Thursday, January 10, 2008

Teaching versus preaching

Kind of a variety type of post here.   Clearing the clutter of my mind in one sweeping post.  But it strikes at something Tolkien and CS Lewis detested, something that Paul Vischer of Veggie Tales fame learned it the hard way.   Something that the Huckleberries gang sounded off on earlier this week.

Overt religiosity in art/media.  And by art, we mean books, music, theatre....  I think it was Tolkien that railed against being preachy in writing.  He had another word for it that escapes me (another example separating my humble scratchings from his timeless classics).  His thought was a work should be infused with the writers morality, but not in a moralizing, overt way.   Someone reviewing the recent Golden Compass movie showed how the writer Pullman used his characters to smack his "moral" into the face of the reader, as if they were not intelligent enough to discern from the work itself.

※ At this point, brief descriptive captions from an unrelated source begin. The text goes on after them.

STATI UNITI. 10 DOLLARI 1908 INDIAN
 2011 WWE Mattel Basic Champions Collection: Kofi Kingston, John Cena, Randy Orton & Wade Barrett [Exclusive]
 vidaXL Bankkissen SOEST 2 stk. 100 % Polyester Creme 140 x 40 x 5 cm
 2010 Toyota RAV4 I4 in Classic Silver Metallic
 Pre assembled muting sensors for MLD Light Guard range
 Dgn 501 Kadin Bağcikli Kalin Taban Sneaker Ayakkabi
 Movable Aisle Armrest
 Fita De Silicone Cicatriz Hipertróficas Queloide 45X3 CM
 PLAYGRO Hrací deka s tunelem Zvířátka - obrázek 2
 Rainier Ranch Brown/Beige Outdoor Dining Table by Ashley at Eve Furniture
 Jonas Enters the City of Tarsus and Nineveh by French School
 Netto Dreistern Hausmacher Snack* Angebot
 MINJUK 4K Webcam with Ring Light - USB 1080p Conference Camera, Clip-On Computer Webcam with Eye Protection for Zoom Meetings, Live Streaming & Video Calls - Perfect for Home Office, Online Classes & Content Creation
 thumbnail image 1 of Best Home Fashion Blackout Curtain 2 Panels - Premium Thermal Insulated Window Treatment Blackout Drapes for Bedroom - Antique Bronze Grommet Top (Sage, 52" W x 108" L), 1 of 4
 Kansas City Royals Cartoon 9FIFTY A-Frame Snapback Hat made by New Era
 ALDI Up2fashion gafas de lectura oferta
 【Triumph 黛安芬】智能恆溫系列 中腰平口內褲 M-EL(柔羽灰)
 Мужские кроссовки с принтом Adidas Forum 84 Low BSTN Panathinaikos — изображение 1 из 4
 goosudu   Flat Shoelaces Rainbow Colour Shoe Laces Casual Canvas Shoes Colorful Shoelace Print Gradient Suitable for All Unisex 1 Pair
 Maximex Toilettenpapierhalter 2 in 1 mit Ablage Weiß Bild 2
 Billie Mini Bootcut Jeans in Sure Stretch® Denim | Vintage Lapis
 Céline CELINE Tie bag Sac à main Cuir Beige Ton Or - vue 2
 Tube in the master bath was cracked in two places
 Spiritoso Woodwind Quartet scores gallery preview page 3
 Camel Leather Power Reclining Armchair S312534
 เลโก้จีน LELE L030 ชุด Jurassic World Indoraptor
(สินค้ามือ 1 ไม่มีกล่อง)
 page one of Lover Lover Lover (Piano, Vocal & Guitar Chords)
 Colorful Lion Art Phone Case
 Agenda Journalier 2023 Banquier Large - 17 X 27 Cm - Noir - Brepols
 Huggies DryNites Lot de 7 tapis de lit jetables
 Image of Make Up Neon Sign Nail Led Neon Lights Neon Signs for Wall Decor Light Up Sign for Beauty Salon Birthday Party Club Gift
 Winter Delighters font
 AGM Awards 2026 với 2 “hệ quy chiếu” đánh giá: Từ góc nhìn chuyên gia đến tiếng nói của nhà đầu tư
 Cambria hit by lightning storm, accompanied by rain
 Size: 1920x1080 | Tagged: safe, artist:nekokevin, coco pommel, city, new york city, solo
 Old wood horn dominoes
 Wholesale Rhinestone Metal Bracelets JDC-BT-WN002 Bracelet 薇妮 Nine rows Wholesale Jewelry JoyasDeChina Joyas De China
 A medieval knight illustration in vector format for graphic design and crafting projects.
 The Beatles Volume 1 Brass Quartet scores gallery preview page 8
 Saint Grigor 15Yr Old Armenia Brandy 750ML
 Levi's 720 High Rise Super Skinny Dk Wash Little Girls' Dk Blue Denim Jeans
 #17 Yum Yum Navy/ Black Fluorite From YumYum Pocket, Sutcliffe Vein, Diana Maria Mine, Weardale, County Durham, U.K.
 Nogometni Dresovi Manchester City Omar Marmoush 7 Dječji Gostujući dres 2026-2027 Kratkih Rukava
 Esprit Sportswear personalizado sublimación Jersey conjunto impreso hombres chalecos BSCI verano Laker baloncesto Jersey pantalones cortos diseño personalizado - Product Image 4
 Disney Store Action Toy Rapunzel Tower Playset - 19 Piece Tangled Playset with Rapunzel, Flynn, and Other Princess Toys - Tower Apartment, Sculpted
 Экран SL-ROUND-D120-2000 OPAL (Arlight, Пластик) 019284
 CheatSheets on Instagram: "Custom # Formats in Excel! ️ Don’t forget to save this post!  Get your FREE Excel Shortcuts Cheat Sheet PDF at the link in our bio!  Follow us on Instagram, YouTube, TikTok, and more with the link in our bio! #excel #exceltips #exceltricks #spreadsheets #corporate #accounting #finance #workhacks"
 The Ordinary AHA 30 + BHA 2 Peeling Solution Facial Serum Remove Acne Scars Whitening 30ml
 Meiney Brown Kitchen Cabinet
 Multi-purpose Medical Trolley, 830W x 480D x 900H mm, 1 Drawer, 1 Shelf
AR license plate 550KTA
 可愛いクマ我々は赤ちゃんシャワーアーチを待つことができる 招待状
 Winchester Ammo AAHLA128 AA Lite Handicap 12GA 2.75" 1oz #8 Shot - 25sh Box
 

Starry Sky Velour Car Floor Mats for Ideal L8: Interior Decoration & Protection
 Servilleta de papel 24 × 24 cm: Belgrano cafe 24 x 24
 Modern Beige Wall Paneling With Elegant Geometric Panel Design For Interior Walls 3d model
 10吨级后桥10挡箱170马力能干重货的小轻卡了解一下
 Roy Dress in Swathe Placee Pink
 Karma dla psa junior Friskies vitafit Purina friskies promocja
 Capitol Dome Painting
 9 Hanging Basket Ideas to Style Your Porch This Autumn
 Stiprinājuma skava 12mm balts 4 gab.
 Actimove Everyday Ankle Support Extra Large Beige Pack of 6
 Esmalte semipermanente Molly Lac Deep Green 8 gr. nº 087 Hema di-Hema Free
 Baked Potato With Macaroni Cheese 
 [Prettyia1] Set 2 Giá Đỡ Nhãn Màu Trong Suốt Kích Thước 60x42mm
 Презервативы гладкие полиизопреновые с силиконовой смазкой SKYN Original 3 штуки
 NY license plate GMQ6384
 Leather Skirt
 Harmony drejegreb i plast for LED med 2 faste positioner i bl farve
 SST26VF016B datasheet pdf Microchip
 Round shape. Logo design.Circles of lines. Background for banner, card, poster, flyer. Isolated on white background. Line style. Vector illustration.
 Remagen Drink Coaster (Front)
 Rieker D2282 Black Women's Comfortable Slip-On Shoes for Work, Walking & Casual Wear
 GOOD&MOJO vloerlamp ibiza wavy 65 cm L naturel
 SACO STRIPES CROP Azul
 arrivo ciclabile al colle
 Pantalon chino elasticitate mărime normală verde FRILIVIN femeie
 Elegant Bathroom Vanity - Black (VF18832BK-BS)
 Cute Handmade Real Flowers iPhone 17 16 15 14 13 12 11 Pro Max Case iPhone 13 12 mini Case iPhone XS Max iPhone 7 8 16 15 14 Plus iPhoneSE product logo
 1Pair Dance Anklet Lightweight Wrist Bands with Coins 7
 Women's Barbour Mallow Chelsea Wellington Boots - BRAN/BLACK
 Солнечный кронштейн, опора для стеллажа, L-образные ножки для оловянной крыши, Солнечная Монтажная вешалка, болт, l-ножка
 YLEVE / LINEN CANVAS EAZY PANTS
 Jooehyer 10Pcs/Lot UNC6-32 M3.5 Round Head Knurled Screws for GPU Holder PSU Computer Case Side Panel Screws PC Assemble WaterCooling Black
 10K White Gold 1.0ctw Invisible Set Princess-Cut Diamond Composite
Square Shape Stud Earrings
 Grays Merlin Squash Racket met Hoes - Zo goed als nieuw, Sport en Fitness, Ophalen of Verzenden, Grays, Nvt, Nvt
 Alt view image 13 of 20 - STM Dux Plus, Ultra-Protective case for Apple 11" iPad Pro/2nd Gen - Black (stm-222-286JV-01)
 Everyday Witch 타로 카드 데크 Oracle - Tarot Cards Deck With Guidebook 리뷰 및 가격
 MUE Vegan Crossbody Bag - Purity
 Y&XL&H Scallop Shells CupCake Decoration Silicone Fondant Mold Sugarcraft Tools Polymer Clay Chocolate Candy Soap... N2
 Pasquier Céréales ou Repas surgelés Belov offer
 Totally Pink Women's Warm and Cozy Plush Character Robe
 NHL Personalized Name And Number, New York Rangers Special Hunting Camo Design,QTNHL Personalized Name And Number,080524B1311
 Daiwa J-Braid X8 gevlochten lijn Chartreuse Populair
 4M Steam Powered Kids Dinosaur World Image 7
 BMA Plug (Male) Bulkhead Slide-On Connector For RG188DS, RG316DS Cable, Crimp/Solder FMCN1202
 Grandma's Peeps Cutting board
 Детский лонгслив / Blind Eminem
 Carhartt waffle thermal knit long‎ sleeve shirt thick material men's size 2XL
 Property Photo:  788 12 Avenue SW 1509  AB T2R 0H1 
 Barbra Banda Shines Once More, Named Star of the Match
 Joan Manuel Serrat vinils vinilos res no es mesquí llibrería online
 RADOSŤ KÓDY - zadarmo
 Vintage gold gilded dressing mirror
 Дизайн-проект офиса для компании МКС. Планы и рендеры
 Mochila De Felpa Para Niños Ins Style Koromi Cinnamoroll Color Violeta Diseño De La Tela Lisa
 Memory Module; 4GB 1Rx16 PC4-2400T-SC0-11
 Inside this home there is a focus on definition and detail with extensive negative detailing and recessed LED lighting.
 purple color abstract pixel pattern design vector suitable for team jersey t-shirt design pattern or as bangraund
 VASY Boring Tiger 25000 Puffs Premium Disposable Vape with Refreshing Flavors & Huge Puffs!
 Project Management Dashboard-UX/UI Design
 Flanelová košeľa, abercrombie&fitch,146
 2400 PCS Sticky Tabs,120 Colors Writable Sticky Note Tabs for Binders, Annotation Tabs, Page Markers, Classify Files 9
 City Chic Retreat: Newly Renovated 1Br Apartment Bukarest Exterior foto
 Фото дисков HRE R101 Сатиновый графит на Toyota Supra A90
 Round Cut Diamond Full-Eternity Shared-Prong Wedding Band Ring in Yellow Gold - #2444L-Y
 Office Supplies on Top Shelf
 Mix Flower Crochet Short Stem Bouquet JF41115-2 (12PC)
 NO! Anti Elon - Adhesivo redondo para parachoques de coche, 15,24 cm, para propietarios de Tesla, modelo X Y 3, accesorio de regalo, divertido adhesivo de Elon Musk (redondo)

I think that is what Paul Vischer is learning.  And what so much of what passes as Christian art has yet to learn.  (and as I listen to it,  Standing by the Door by Duvall gets it right.)

True prayer and worship of God gets ourselves out of the way.  It isn't about us, but about God.  We pray for God's sake, not for our own consolation.  That is why so many (Joy Behar on the View) miss about Mother Theresa's struggle with doubt.  She had faith, but she received little consolation after her initial encounter with Jesus.  She prayed, but heard no response.  And to persevere for such a long period of time is amazing in itself, how long would any of us stay the course?

For me, I know about receiving little consolation.  I treasure the few moments I get, but hopefully I am learning how to pray for God's sake rather than mine.  I am currently listening to the Into the Deep podcast.  Their very first one was an intro to prayer.  And what a revelation.  These guys are good, and kinda funny too.  So now I am heartened about prayer, about sticking with it. 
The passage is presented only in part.